**What you should do:** Your response should consist of the entries below, reproduced exactly and without their images.

(Data section)

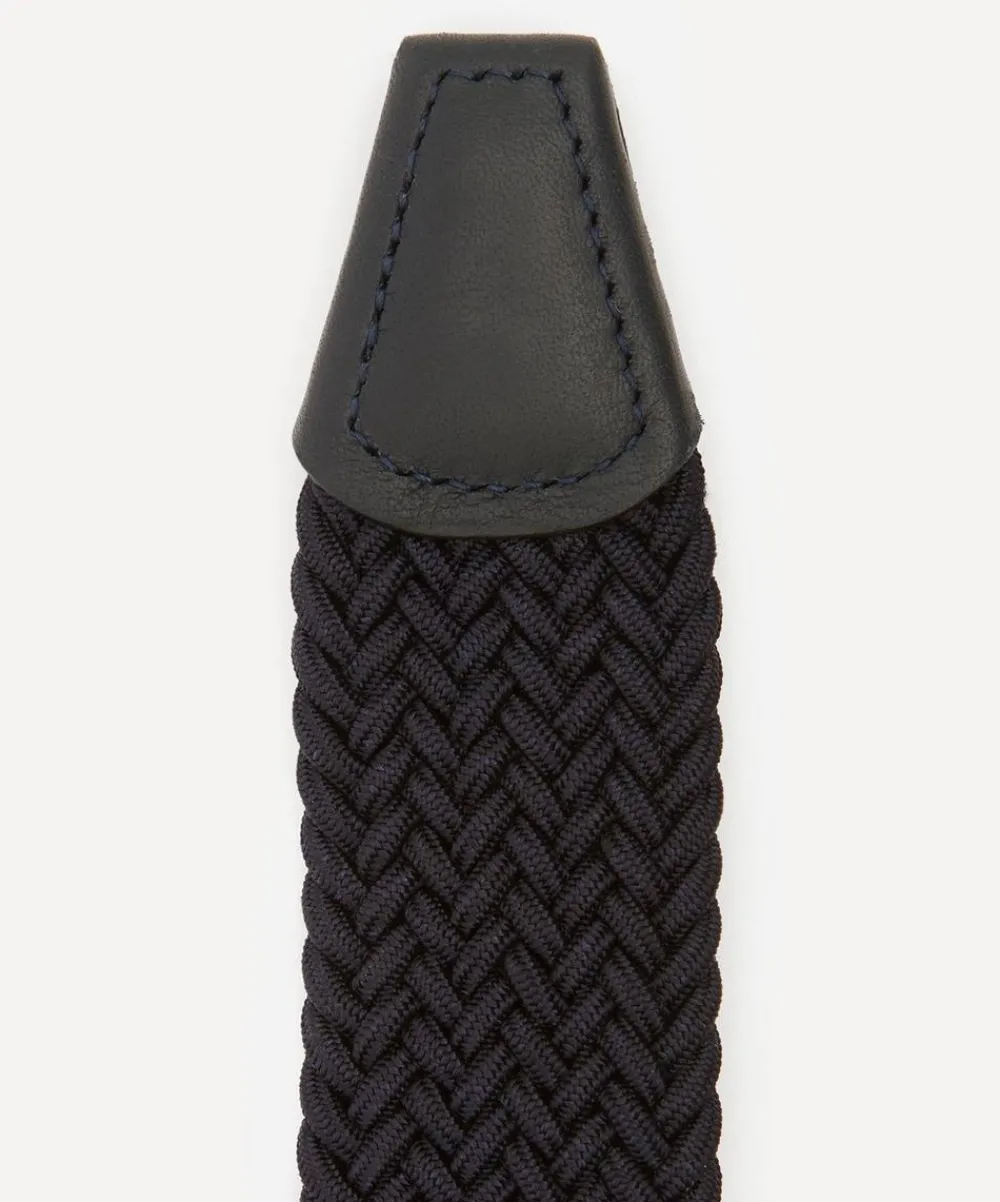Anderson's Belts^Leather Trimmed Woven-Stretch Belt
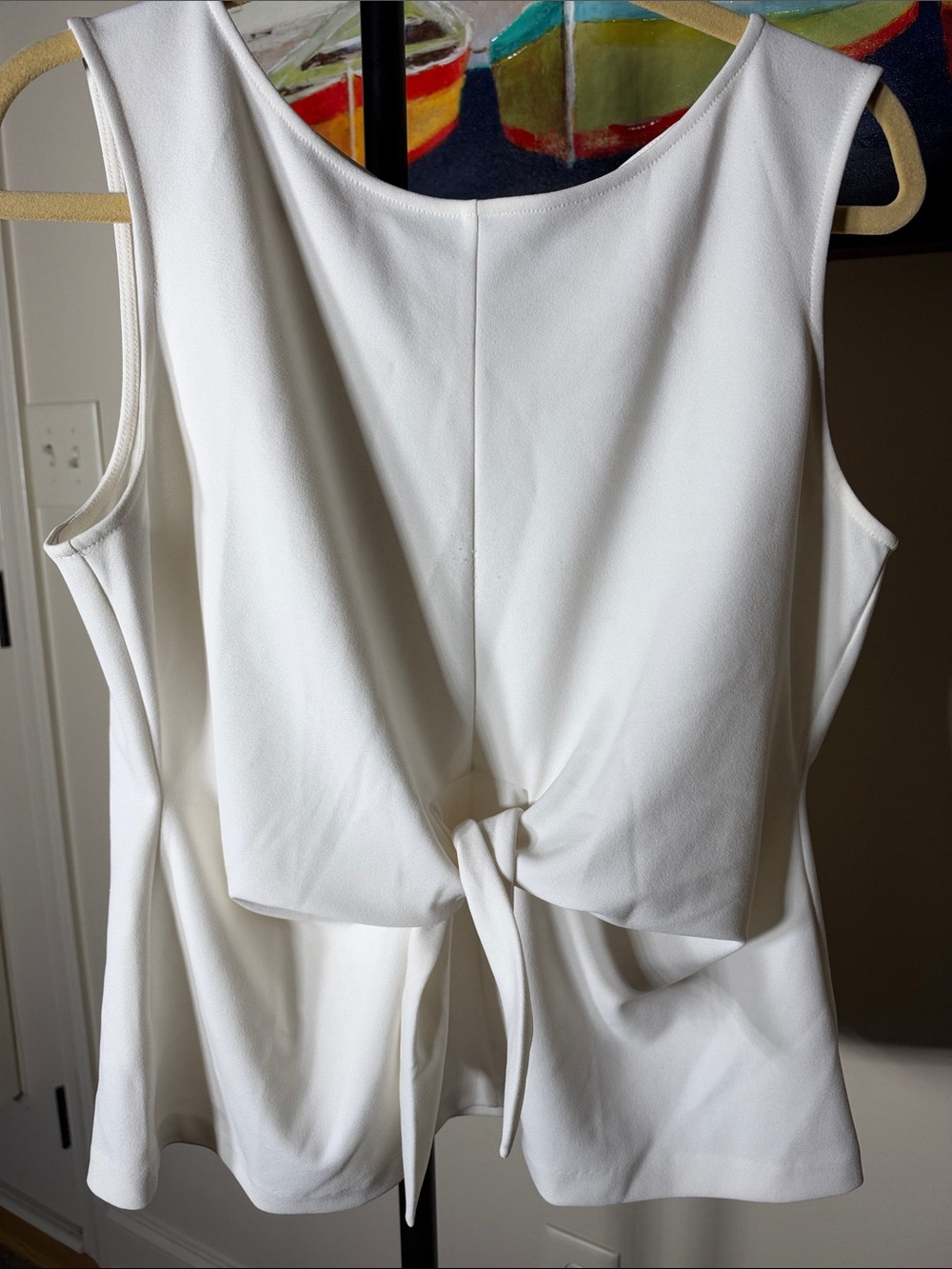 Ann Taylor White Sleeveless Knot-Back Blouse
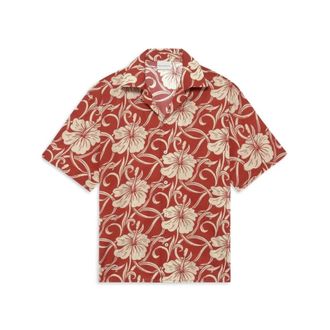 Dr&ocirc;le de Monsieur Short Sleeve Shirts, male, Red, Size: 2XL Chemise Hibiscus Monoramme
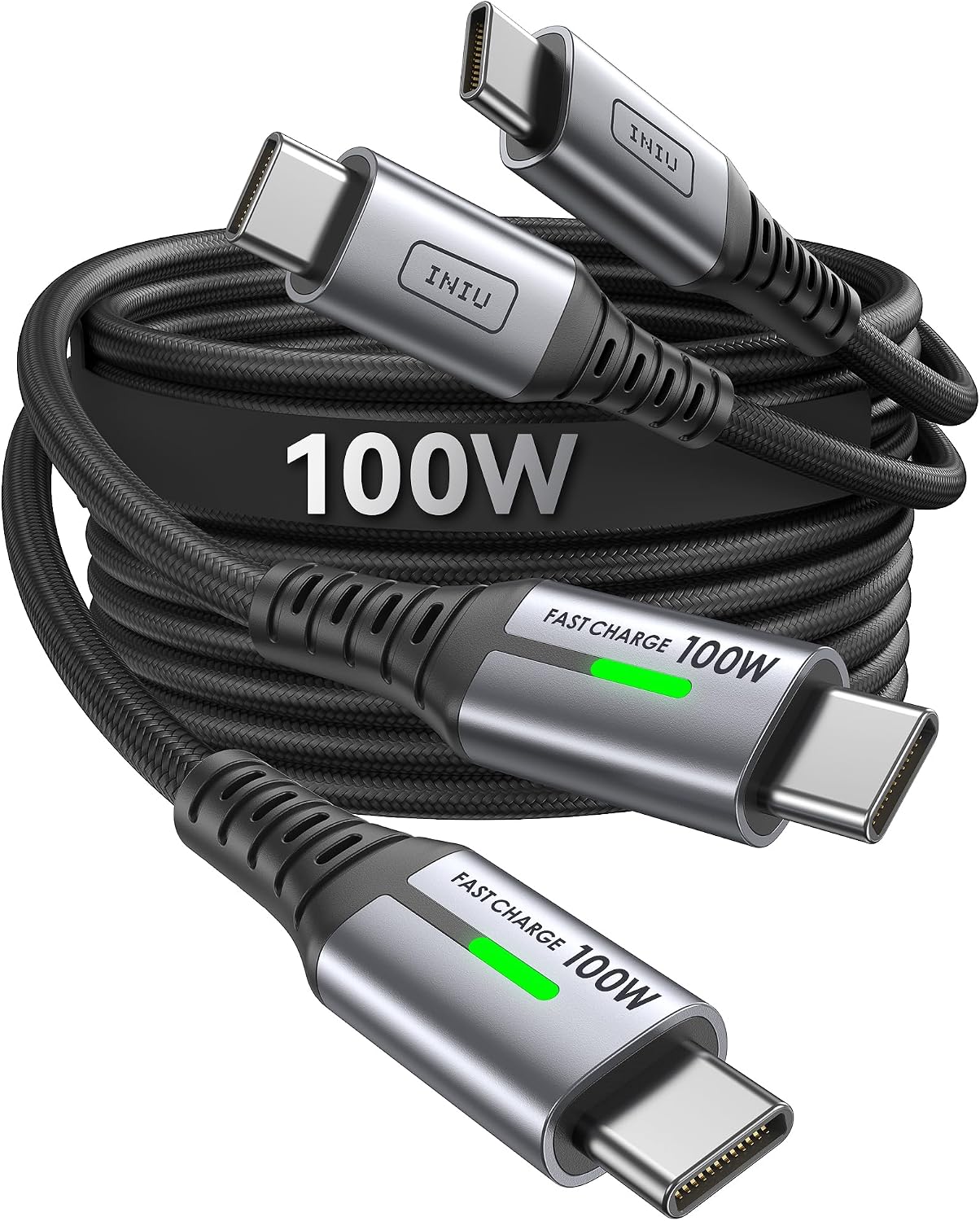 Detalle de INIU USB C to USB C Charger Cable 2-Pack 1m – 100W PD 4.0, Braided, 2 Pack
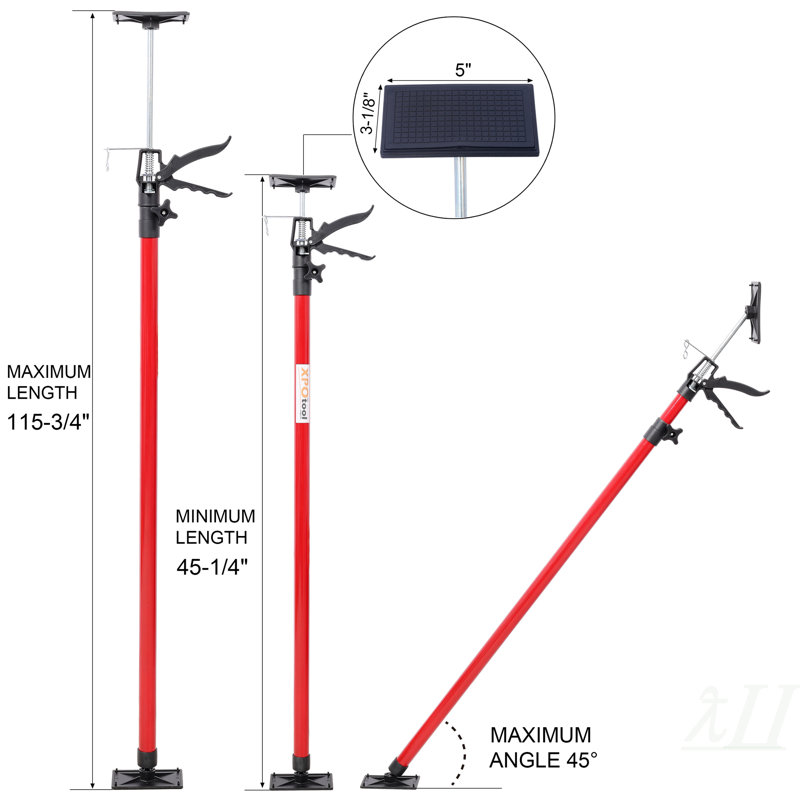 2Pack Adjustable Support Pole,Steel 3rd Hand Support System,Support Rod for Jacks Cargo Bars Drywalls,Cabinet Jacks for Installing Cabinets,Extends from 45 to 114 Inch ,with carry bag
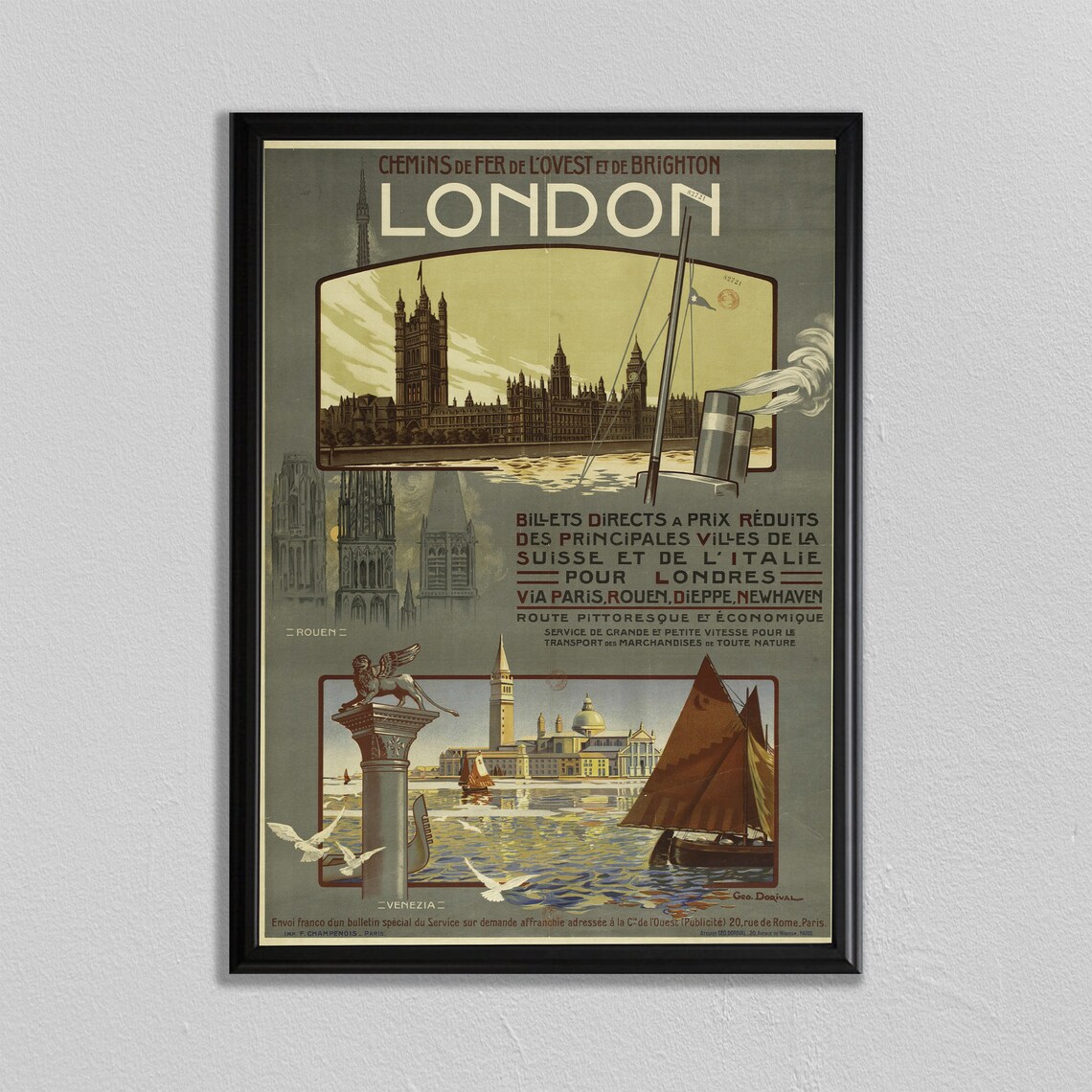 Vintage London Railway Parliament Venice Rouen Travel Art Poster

(End Data section)

**Reply to the task:**
Anderson's Belts^Leather Trimmed Woven-Stretch Belt
 Ann Taylor White Sleeveless Knot-Back Blouse
 Dr&ocirc;le de Monsieur Short Sleeve Shirts, male, Red, Size: 2XL Chemise Hibiscus Monoramme
 Detalle de INIU USB C to USB C Charger Cable 2-Pack 1m – 100W PD 4.0, Braided, 2 Pack
 2Pack Adjustable Support Pole,Steel 3rd Hand Support System,Support Rod for Jacks Cargo Bars Drywalls,Cabinet Jacks for Installing Cabinets,Extends from 45 to 114 Inch ,with carry bag
 Vintage London Railway Parliament Venice Rouen Travel Art Poster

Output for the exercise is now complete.